### What you are asked to do
Could you retype the lines below, starting at the line holding "Image of smiling" and stopping at the line holding "sprinkle beef ravioli with parmesan", inclusive? Copy them exactly and drop the images.

### Data
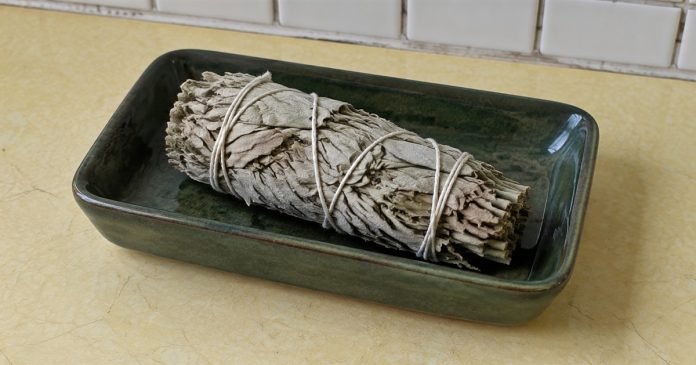 Psychic888 realistic unlit sage kitchen 3843 Unlit dried sage bundle in a dark-green ceramic dish on a pale-yellow kitchen counter.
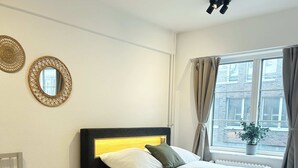 Habitació d'hotel amb dos llits, un finestral gran amb cortines, una planta en test i dos miralls penjats a la paret.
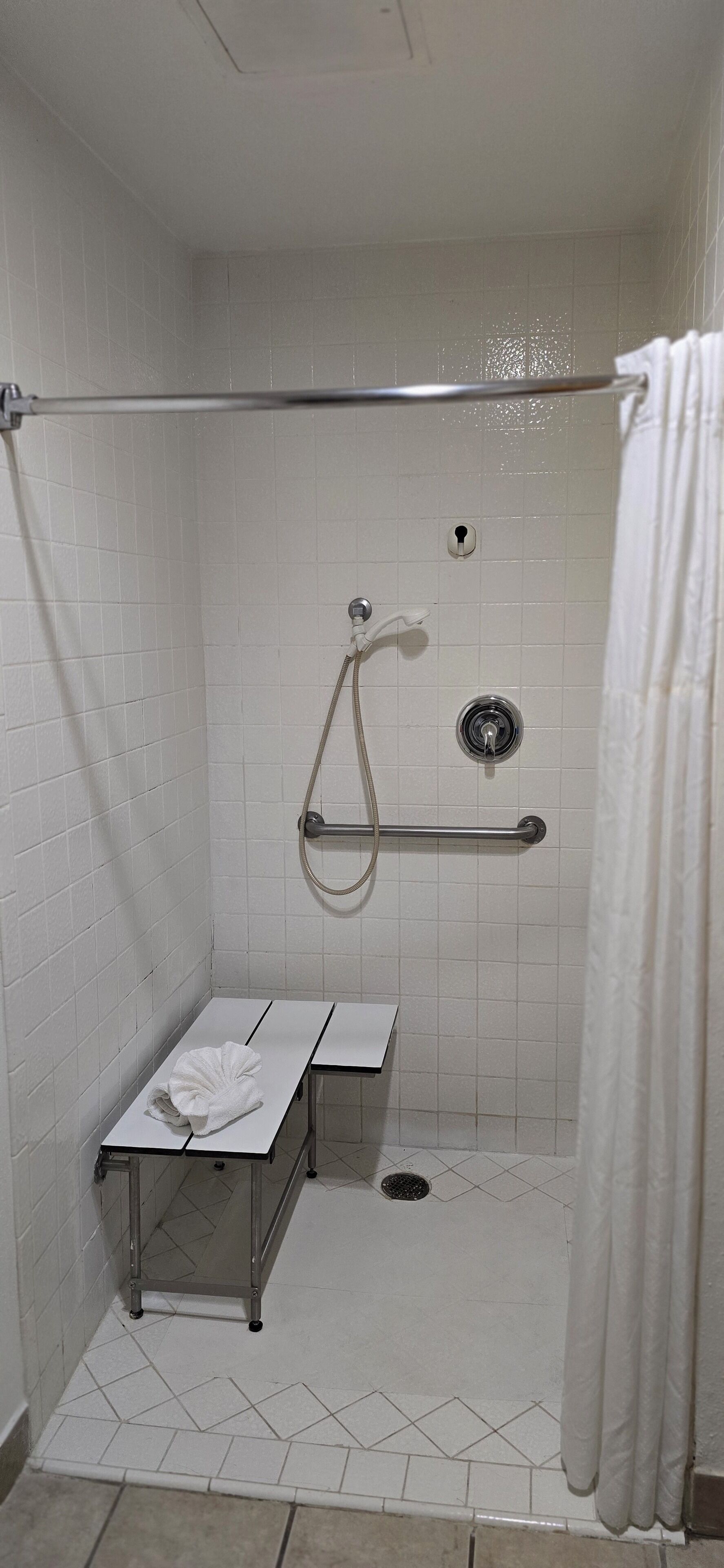 A small, white-tiled shower stall with a grab bar, a towel rack, and a showerhead.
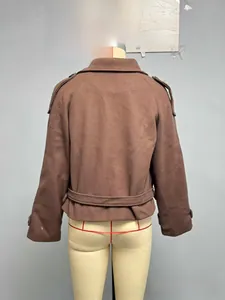 Detail view of brown wool jacket with classic epaulets and buckled waist strap on back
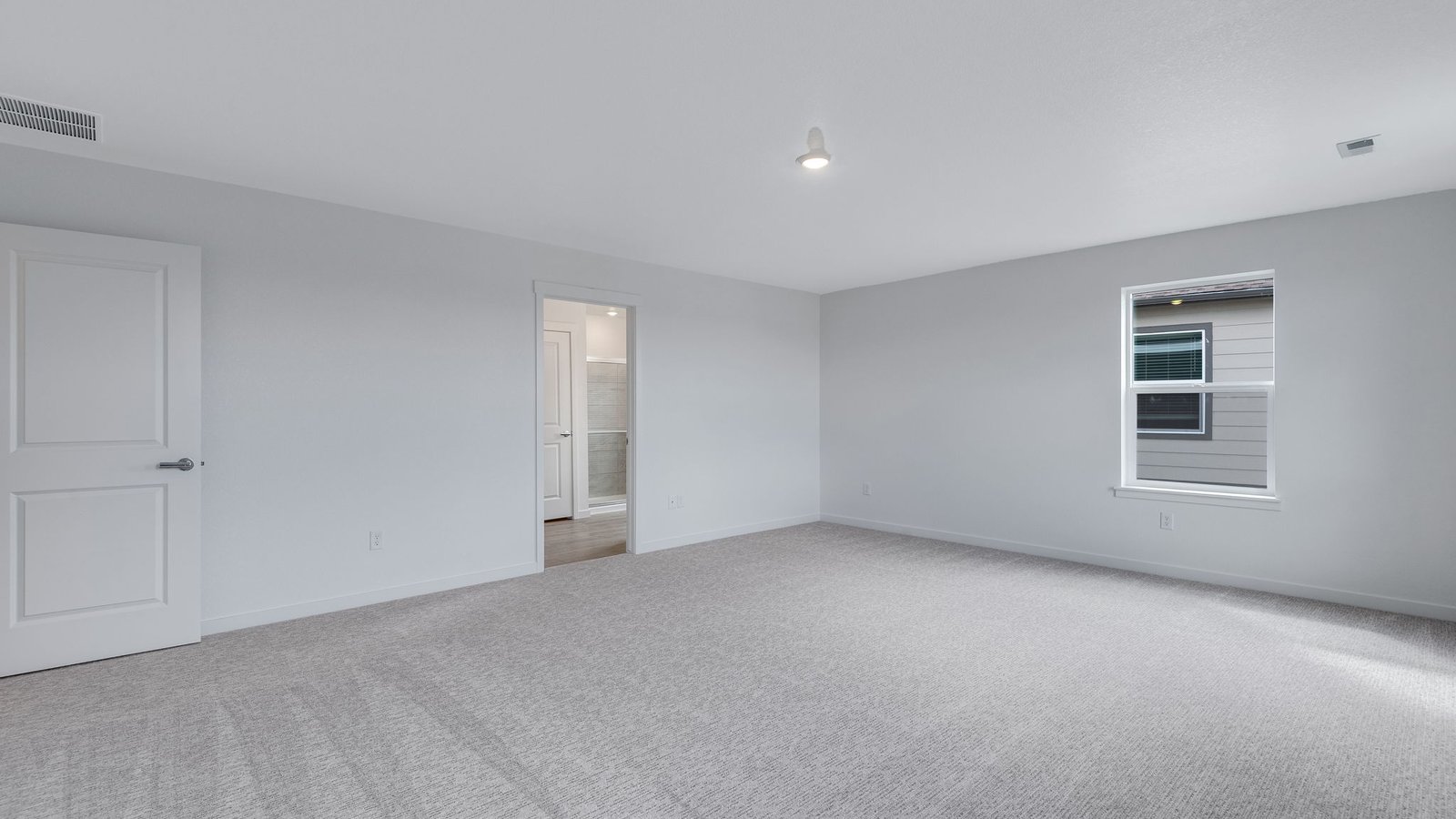 Primary bedroom in the Hennessy floor plan with generous space and natural light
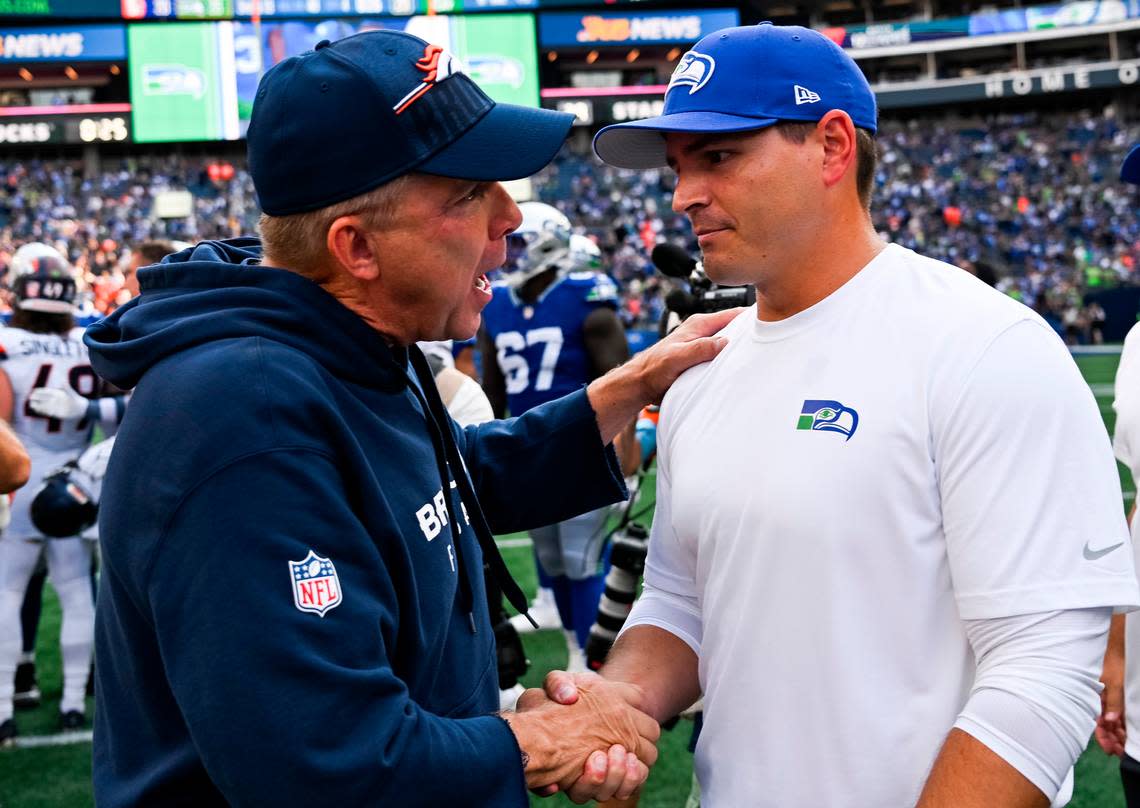 Denver Broncos head coach Sean Payton and Seattle Seahawks head coach Mike Macdonald shake hands after the Seattle Seahawks 26-20 victory against the Denver Broncos at Lumen Field, on Sunday, Sept. 8, 2024, in Seattle, Wash.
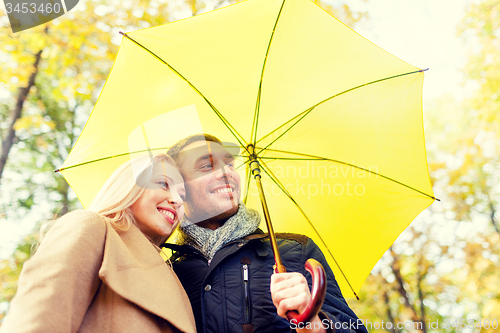 Image of smiling couple hugging in autumn park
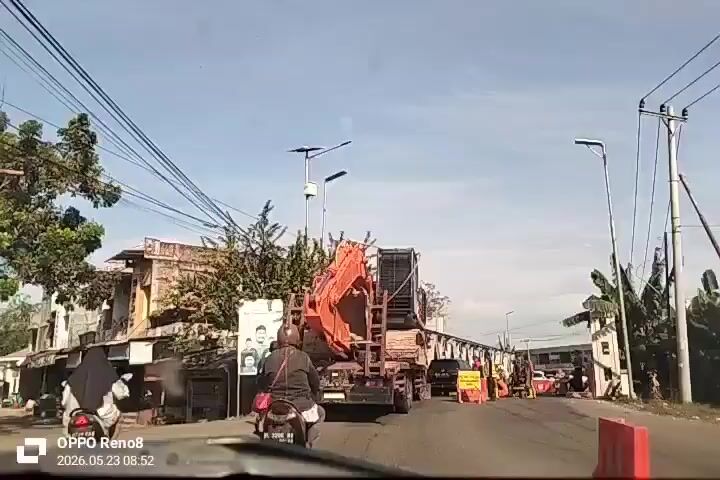 The video shows a street scene in what appears to be a small town or suburban area. A large orange excavator is being transported on a flatbed truck. There are workers in orange vests standing near orange traffic barriers, suggesting road work or a temporary obstruction. A motorcyclist is in front of the truck, moving in the same direction. There are buildings, trees, and utility poles lining the street. The weather is clear and sunny. The video is shot from the perspective of a vehicle following behind. The camera details include a date and timestamp from an OPPO Reno8 phone.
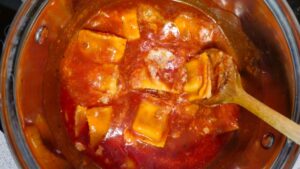 sprinkle beef ravioli with parmesan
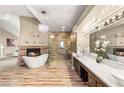 Luxurious bathroom with standalone tub, elegant chandelier, fireplace, glass shower, and dual vanities at 8100 Lake Hills Dr, Las Vegas, NV 89128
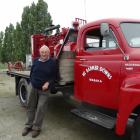 George Wallis stands beside his restored 1950 International truck which was driven to the Wanaka...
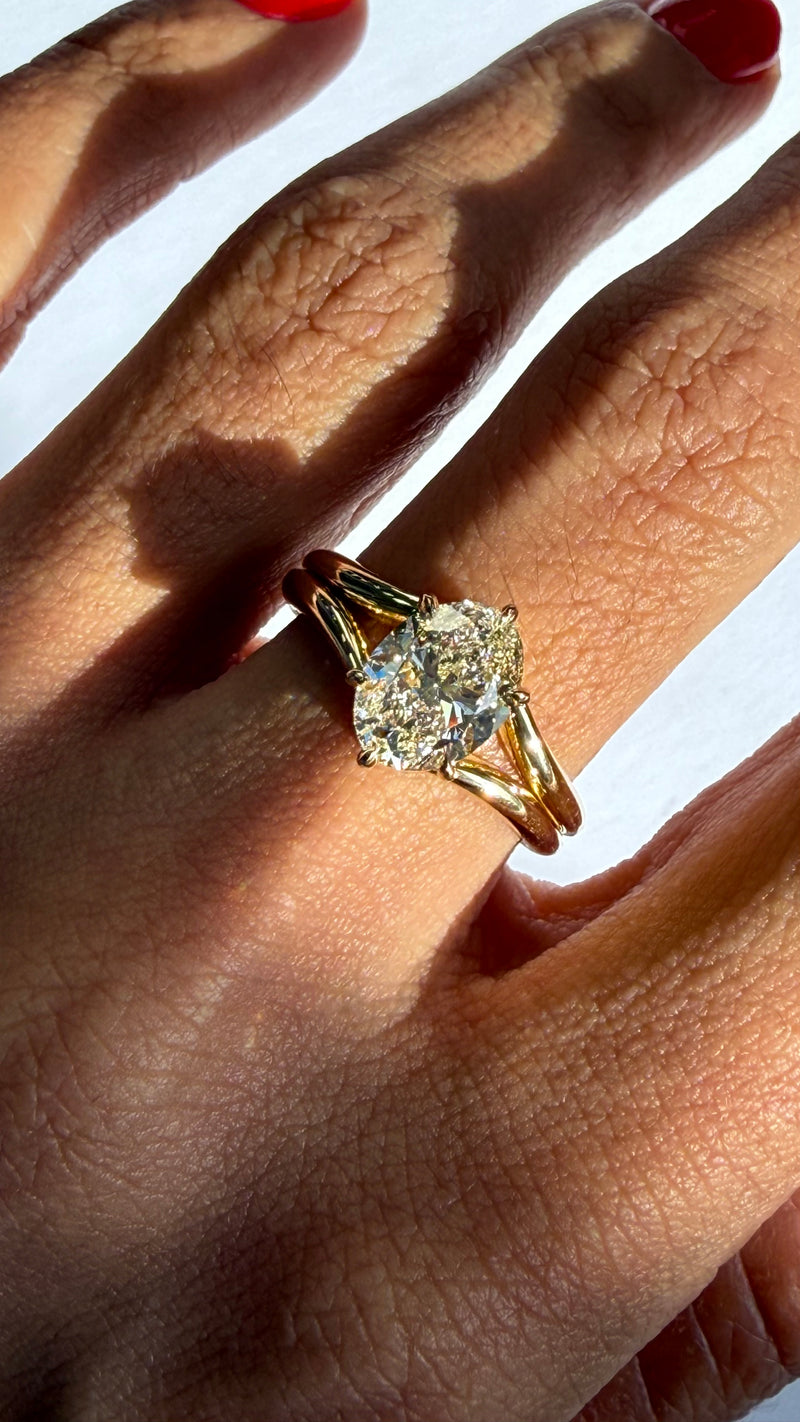A close-up of a hand wearing a yellow gold ring with a large round brilliant-cut diamond. The ring is shown on a finger with red nail polish, set against a bright white background with strong natural shadows.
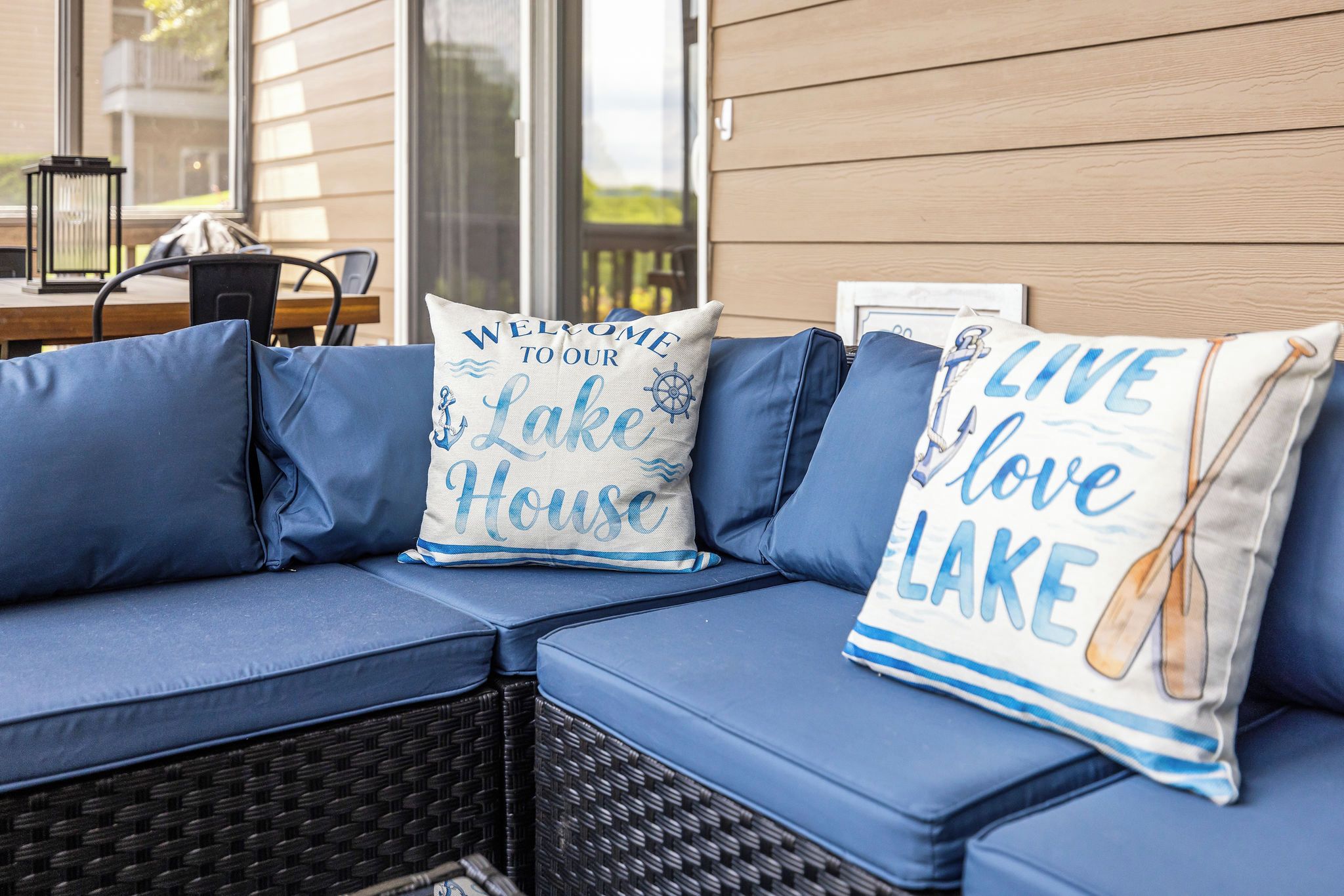 A blue sofa with cushions, a wicker chair, and a table with a lantern.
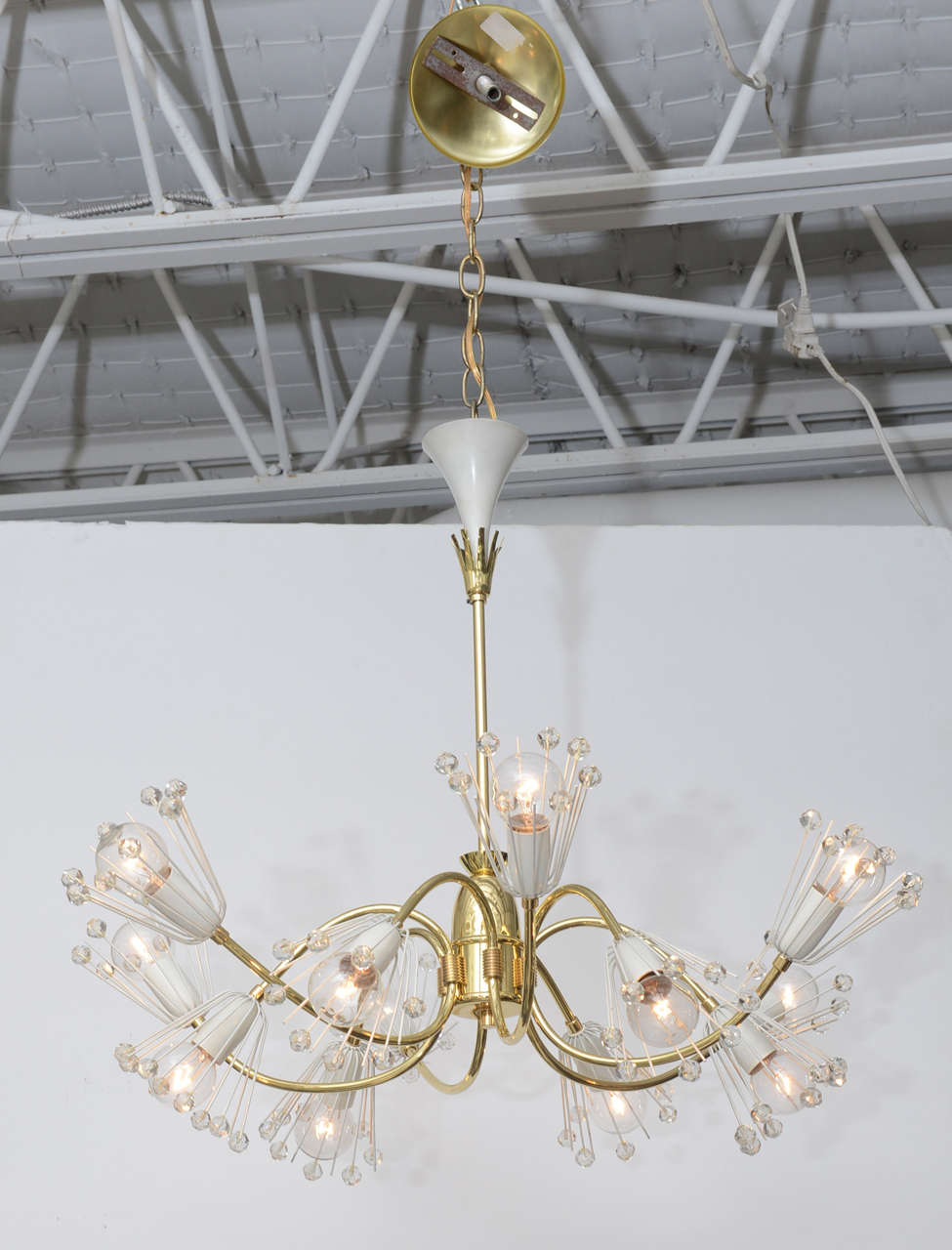 Lovely 12-arm brass and Austrian cut crystal snowflake chandelier, designed by Emil Stejnar for Rupert Nikoll, Vienna, circa 1955. Professionally polished and re-wired for U.S.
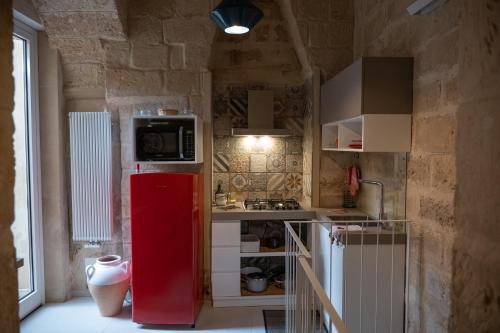 a kitchen with a red refrigerator in a room at Antica Cisterna di Lecce in Lecce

### Solution to the problem
 Image of smiling couple hugging in autumn park
 The video shows a street scene in what appears to be a small town or suburban area. A large orange excavator is being transported on a flatbed truck. There are workers in orange vests standing near orange traffic barriers, suggesting road work or a temporary obstruction. A motorcyclist is in front of the truck, moving in the same direction. There are buildings, trees, and utility poles lining the street. The weather is clear and sunny. The video is shot from the perspective of a vehicle following behind. The camera details include a date and timestamp from an OPPO Reno8 phone.
 sprinkle beef ravioli with parmesan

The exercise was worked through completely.